If you are a team leader, you might wonder how to become friends with your team members. Or you may wonder if it is even possible to be friends with those you oversee. The truth is there is no simple answer. Workplace friendships between leaders and team members can be complicated. When you oversee rating your team members’ work and making decisions that impact their livelihood, the power dynamics can make an authentic friendship difficult.
However, that does not mean you cannot build a genuine camaraderie with your team members. It just means you should not treat them like your best friends outside of work. When you show that you care about your people and you do not see them as replaceable units, you can often inspire them to be more creative, productive and feel more secure in their roles.

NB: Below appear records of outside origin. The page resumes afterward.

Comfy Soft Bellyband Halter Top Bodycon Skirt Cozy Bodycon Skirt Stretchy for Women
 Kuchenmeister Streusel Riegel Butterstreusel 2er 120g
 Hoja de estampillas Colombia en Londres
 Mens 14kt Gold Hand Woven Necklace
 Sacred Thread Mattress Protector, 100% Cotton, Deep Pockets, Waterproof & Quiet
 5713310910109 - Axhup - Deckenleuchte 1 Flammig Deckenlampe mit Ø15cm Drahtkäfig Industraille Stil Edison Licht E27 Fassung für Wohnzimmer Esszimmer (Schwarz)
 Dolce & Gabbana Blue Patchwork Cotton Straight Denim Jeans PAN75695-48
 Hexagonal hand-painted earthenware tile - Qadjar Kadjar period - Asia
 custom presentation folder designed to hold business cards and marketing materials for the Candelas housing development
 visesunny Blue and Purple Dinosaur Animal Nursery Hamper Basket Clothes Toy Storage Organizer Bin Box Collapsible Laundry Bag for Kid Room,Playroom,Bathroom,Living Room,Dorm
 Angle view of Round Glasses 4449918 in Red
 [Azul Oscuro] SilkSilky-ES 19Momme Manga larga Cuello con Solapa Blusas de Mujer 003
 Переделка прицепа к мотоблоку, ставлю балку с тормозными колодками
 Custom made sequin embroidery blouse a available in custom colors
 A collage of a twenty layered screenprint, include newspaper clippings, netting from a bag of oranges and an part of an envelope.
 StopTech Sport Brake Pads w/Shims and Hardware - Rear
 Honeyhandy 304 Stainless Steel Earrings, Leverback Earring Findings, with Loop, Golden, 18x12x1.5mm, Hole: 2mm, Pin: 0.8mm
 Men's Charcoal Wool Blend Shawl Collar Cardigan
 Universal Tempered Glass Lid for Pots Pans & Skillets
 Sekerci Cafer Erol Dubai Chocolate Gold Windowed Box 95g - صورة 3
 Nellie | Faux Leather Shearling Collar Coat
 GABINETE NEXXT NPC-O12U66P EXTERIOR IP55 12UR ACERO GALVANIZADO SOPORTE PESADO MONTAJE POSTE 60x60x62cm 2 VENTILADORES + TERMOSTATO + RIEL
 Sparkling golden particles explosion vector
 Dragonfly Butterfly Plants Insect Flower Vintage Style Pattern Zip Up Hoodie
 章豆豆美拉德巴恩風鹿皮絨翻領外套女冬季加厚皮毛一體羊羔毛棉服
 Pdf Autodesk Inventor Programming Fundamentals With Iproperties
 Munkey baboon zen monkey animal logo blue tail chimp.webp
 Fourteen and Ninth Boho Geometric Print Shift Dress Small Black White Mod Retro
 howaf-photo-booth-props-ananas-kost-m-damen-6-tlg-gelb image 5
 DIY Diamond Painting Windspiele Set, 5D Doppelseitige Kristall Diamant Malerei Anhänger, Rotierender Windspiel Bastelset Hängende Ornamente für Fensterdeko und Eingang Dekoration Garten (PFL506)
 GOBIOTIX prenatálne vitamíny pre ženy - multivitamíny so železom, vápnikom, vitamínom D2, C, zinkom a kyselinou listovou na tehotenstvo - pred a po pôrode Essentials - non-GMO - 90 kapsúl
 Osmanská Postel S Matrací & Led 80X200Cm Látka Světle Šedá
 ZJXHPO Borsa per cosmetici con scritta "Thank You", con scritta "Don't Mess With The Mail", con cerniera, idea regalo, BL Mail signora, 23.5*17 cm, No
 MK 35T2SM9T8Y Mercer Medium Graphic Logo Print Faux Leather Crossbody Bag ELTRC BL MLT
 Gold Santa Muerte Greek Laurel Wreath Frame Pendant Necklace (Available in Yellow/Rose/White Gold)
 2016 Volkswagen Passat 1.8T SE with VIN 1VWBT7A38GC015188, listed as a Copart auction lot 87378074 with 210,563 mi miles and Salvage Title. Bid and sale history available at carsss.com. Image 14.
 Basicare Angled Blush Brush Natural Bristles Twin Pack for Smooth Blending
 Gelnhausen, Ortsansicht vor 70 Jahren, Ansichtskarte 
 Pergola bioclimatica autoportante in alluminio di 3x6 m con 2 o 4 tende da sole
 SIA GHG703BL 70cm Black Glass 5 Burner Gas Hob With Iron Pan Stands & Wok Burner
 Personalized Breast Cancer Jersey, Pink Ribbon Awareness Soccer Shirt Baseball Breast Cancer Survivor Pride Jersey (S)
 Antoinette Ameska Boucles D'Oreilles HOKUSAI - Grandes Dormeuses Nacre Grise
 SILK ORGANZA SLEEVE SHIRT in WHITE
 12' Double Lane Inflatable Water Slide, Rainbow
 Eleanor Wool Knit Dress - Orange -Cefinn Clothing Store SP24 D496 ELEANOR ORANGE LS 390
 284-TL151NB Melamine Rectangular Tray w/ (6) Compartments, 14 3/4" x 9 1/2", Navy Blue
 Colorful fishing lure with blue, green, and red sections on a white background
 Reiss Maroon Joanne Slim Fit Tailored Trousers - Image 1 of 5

You must establish boundaries
You can talk to your personal friends about anything, but you need to remain mindful about what you discuss with your work friends. As a leader, it is important to set the tone and show that you are friendly and interested in your team, but that you are still the leader. Rather than rehashing what is going on in your personal life with one of your team members, keep firm work-personal boundaries in place. You can also be upfront about your stance. Let your team know that you have a “work first, personal life second” attitude. When done properly, this could even lead to a more engaged team.
Be willing to create conversations
While it is not a good idea to only talk about personal topics, it is good to build relationships by talking about life outside of work sometimes. That is how you get to know those on your team. With all the remote work now, you may find it easier to learn more about your team members when you see their children, pets, homes, and décor during video calls. You might use what you see as a conversation starter. When you see your team members in their personal element, you can connect on something other than project updates.
You must plan structured social time
An additional way to build connections while remaining professional is to create time for socialization. This can be virtual team happy hours our weekly one-on-ones with direct reports. Those meetings are to discuss work-related topics only. Casual conversations can lead to discoveries about your team. And, when you follow up about them later, it demonstrates that you care about your team.
You can be friendly at work and even have meaningful workplace friendships. Just be sure to stay open to chatting with everyone, even those you may not immediately share commonalities with. When you care about those you manage and you seek to form bonds with all your team members, connections will naturally form. And this will help you thrive.